Data supplied:
+ + +

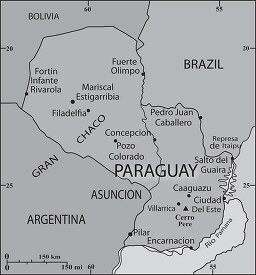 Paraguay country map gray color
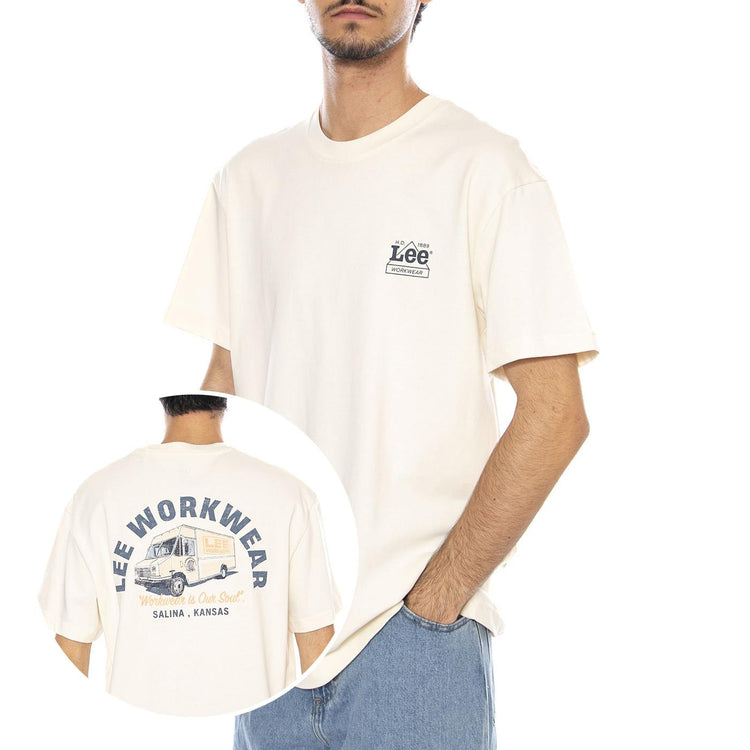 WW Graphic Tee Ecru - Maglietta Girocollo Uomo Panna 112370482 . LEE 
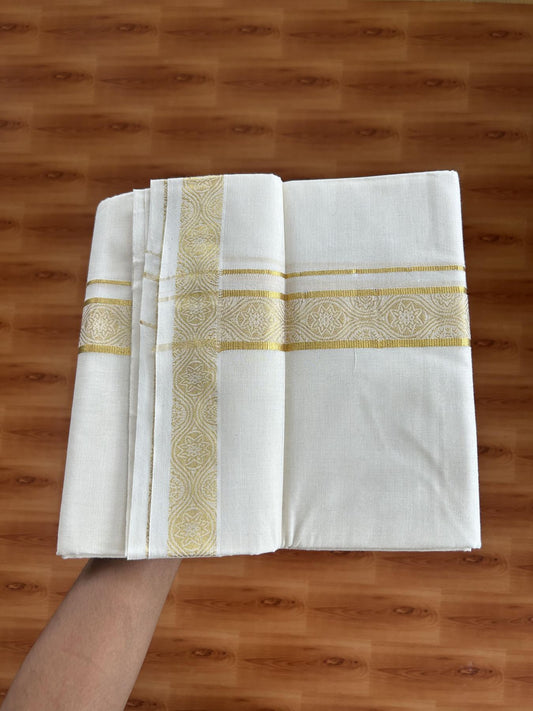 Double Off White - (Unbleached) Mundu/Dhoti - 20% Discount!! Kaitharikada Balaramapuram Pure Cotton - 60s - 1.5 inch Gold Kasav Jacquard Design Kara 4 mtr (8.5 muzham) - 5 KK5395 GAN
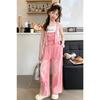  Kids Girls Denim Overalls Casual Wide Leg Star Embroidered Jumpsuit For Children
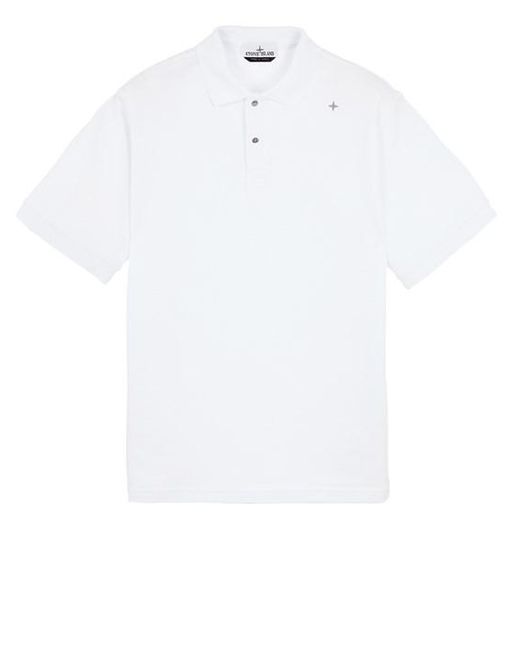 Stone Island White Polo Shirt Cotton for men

+ + +

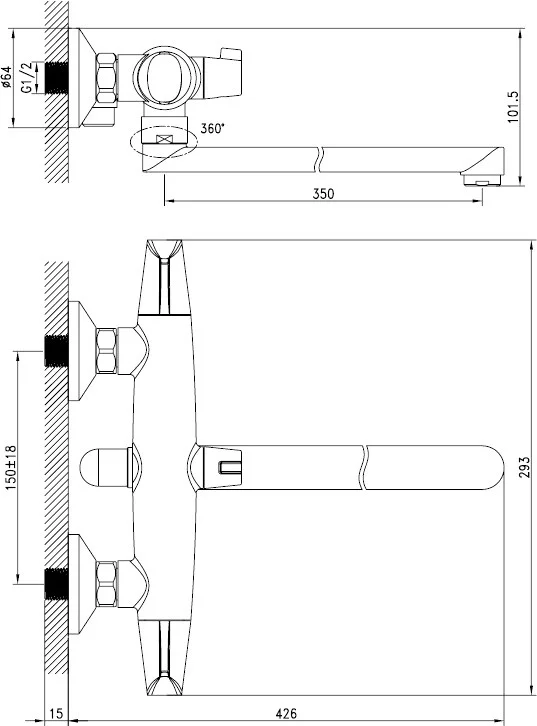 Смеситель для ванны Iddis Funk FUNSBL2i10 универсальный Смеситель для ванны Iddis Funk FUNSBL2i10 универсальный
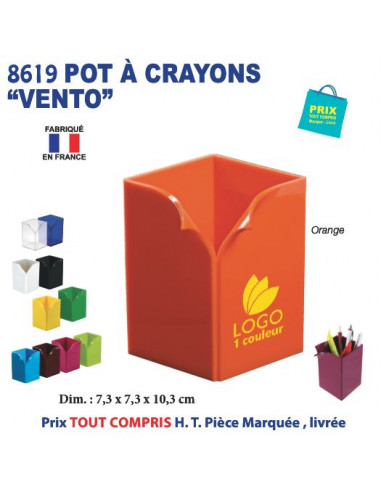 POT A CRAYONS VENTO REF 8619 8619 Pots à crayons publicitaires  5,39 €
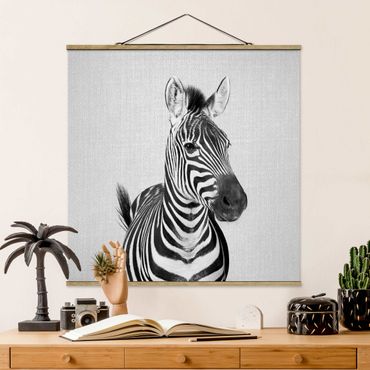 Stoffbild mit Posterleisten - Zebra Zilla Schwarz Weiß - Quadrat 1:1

+ + +

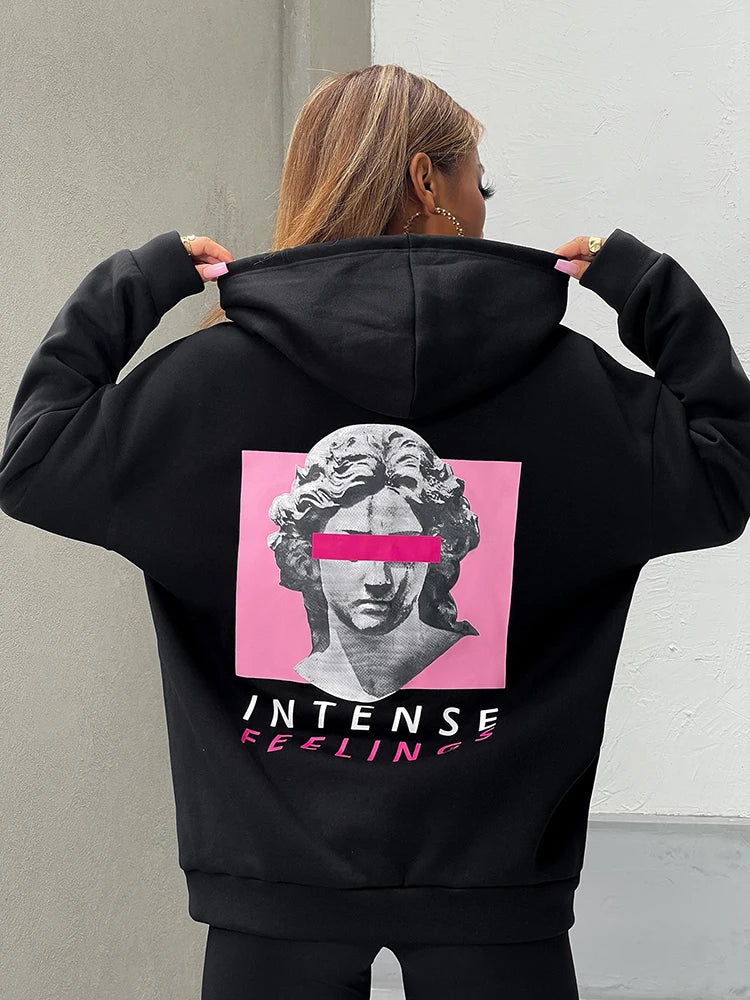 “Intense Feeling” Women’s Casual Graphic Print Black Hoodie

+ + +

Instructions for the task: Because only one stretch of the records is wanted, please output the lines from the one holding "Paraguay country map gray color" through the one holding "Stone Island White Polo Shirt Cotton for men" exactly, both included, and leave every picture out.

Finished exercise:
 Paraguay country map gray color
 WW Graphic Tee Ecru - Maglietta Girocollo Uomo Panna 112370482 . LEE 
 Double Off White - (Unbleached) Mundu/Dhoti - 20% Discount!! Kaitharikada Balaramapuram Pure Cotton - 60s - 1.5 inch Gold Kasav Jacquard Design Kara 4 mtr (8.5 muzham) - 5 KK5395 GAN
  Kids Girls Denim Overalls Casual Wide Leg Star Embroidered Jumpsuit For Children
 Stone Island White Polo Shirt Cotton for men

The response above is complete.